→ **TASK DIRECTIONS**
Output word for word the lines from the one with "Cross Stitch Knit" to the final line of the data, both ends included, but skip the pictures.

→ **Records contained in a dataset**
- Opening Delimiter -
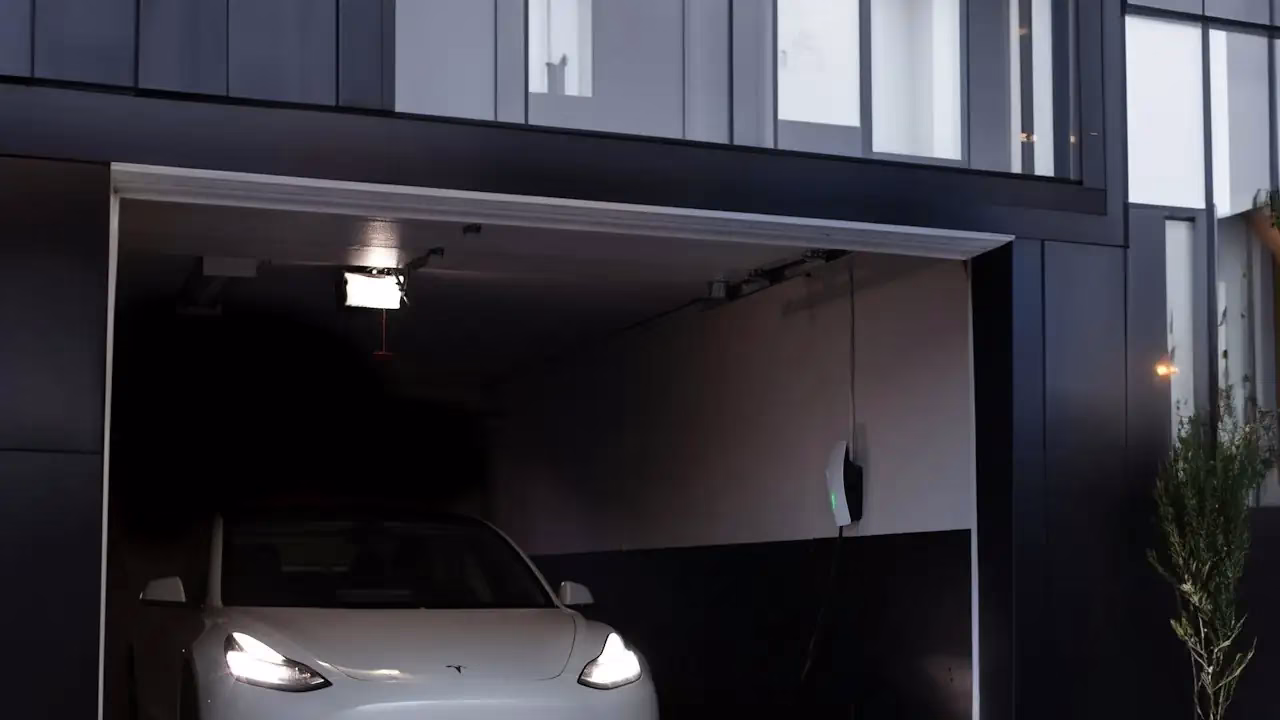 Weisses Elektroauto mit eingeschalteten Scheinwerfern in einer Garage eines modernen Hauses Weisses Elektroauto mit eingeschalteten Scheinwerfern in einer Garage eines modernen Hauses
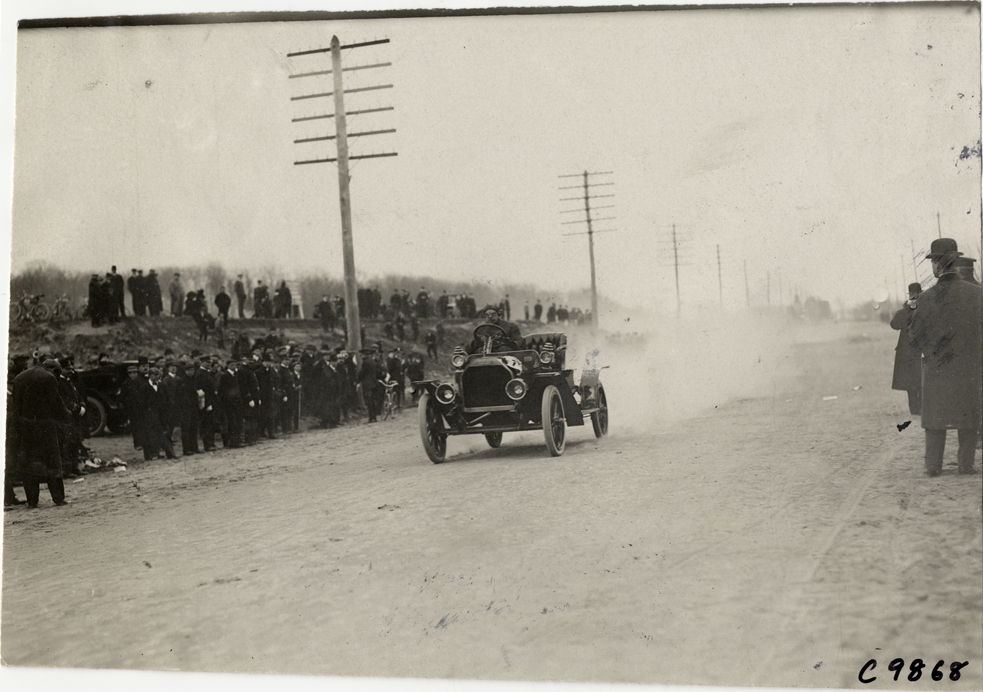 Driver in racecar, 1909 Fort George Hill Climb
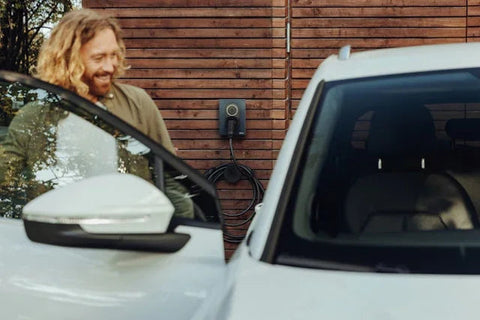 Man next to white electric car by wooden wall with EV charging station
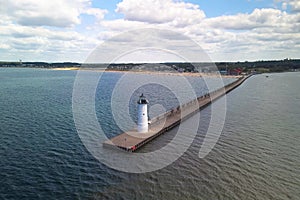 Manistee light house at lake Michigan shore line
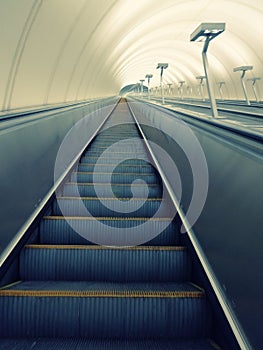 Descent into the tunnel stereo escalator stairs light from below. Modern tunnel escalator electronic system moving vintage style,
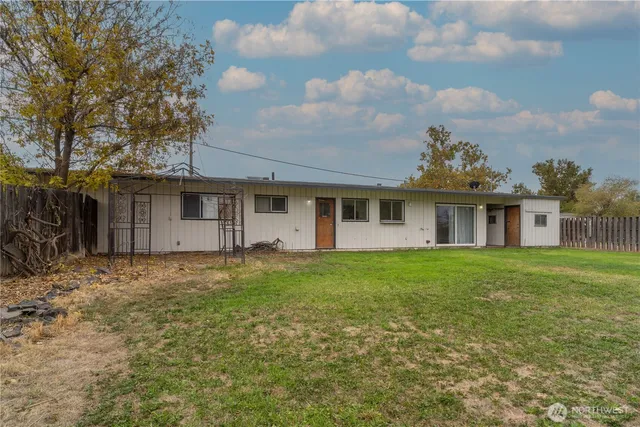 a view of a yard in front of a house with a large tree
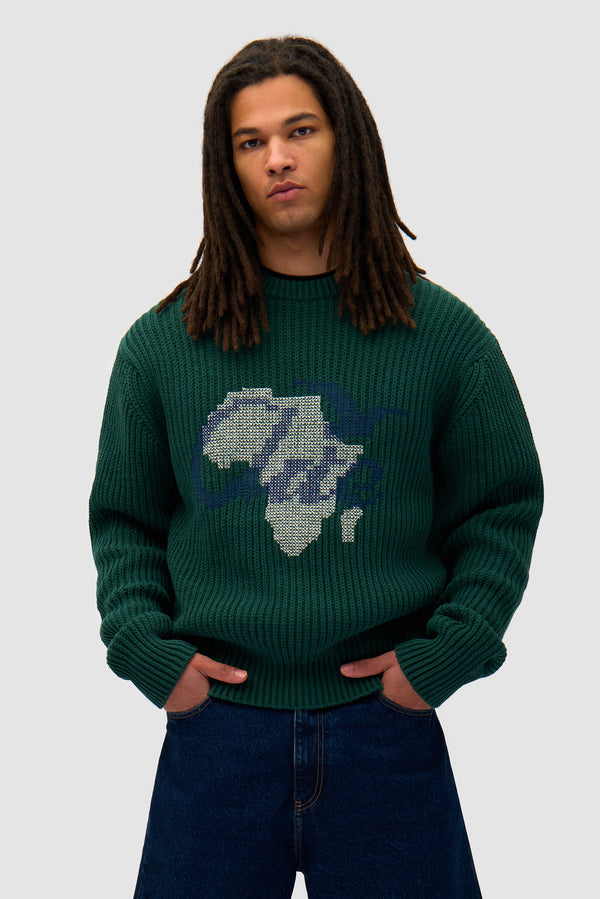 Cross Stitch Knit in Green worn by a model, half-body front view
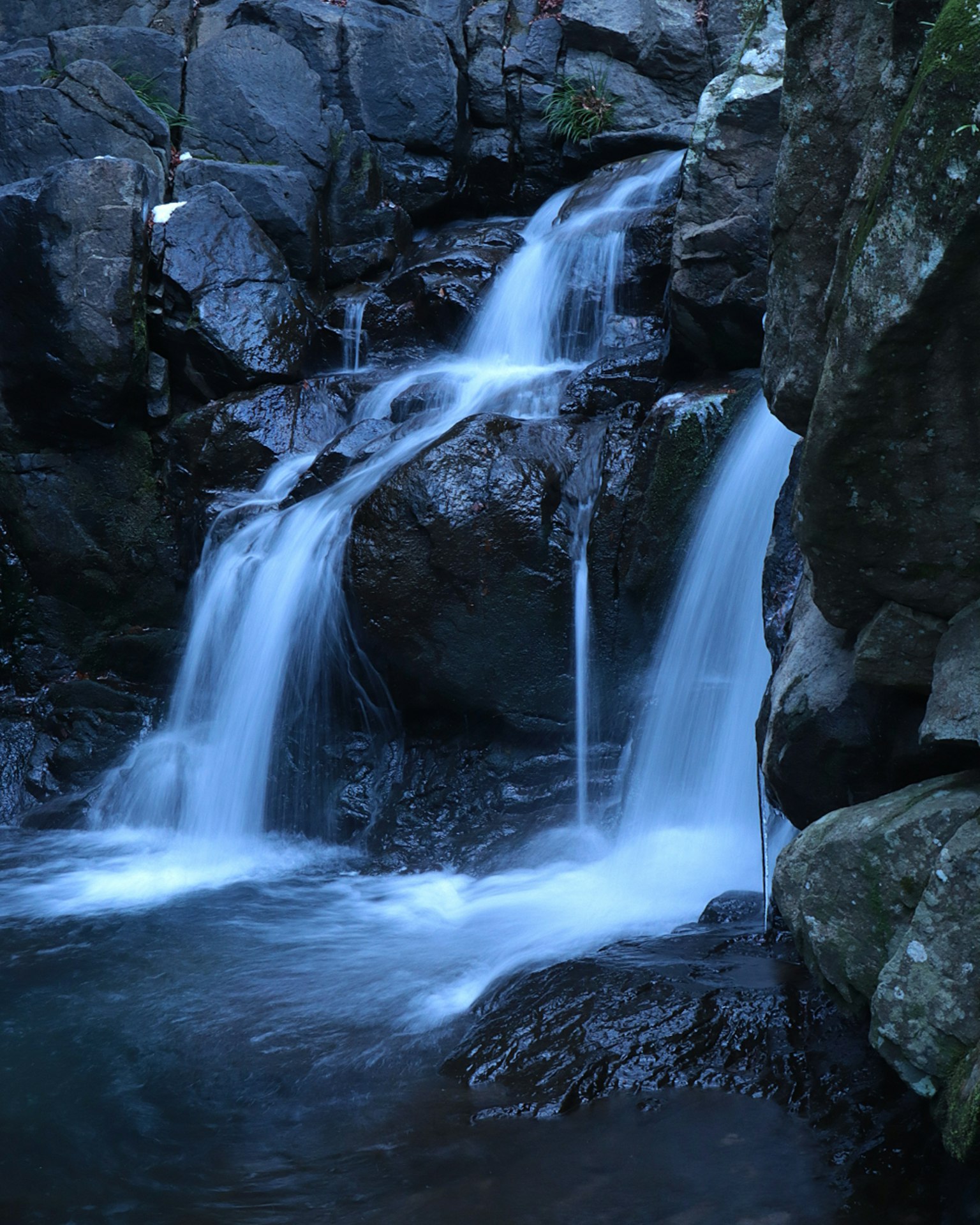 Beautiful scene of a small waterfall flowing over rocks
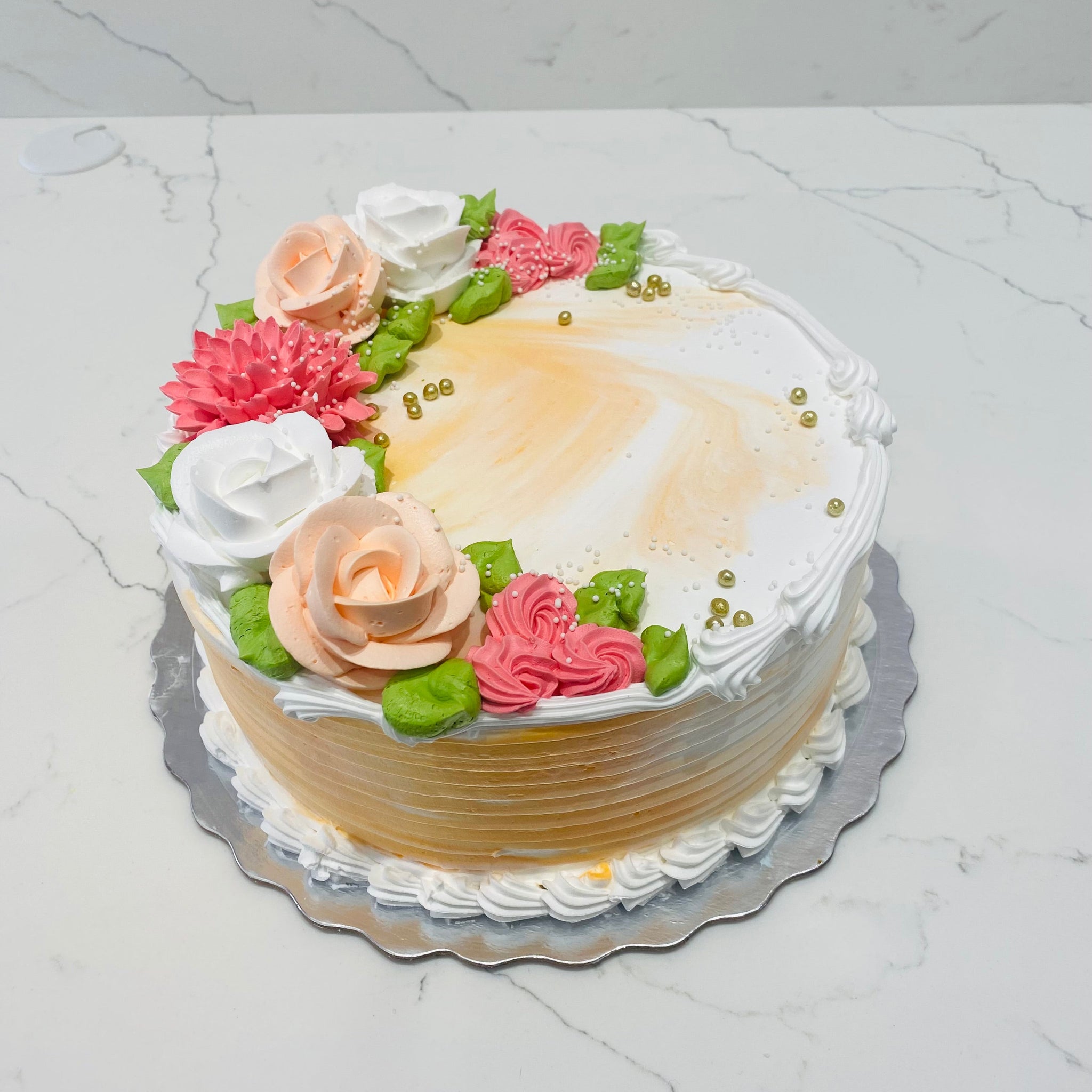 ORANGE AND WHITE CREAM FLOWER CAKE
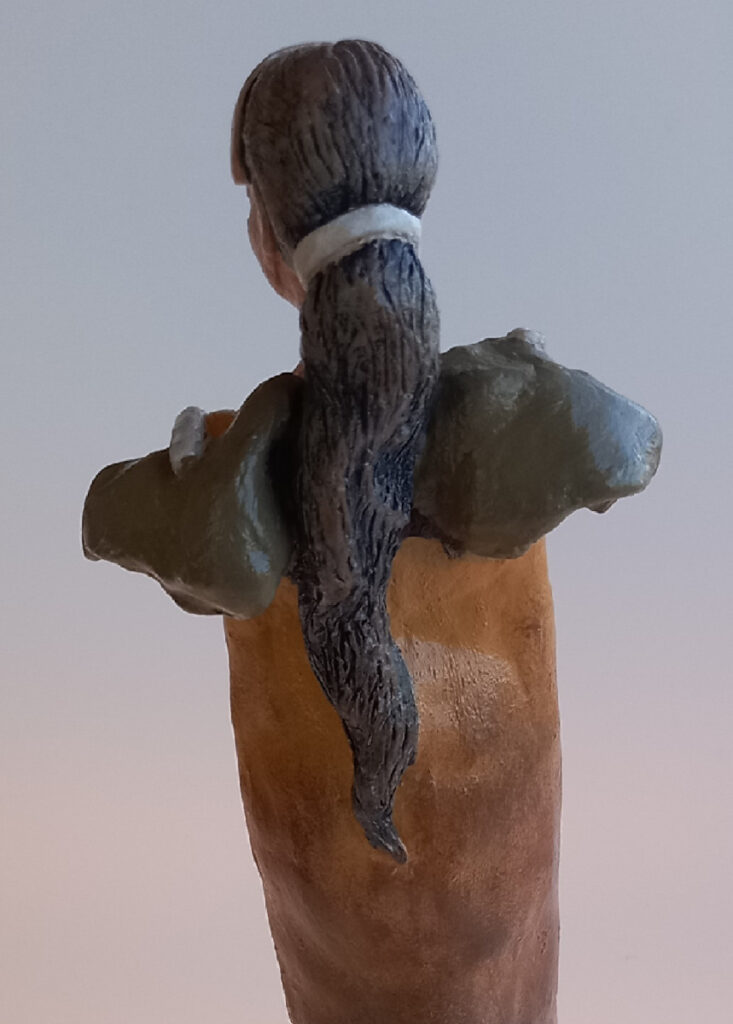 escultura de figura feminina com cabelos longos vista de costas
- Closing Delimiter -
→ **TASK OUTPUT**
 Cross Stitch Knit in Green worn by a model, half-body front view
 Beautiful scene of a small waterfall flowing over rocks
 ORANGE AND WHITE CREAM FLOWER CAKE
 escultura de figura feminina com cabelos longos vista de costas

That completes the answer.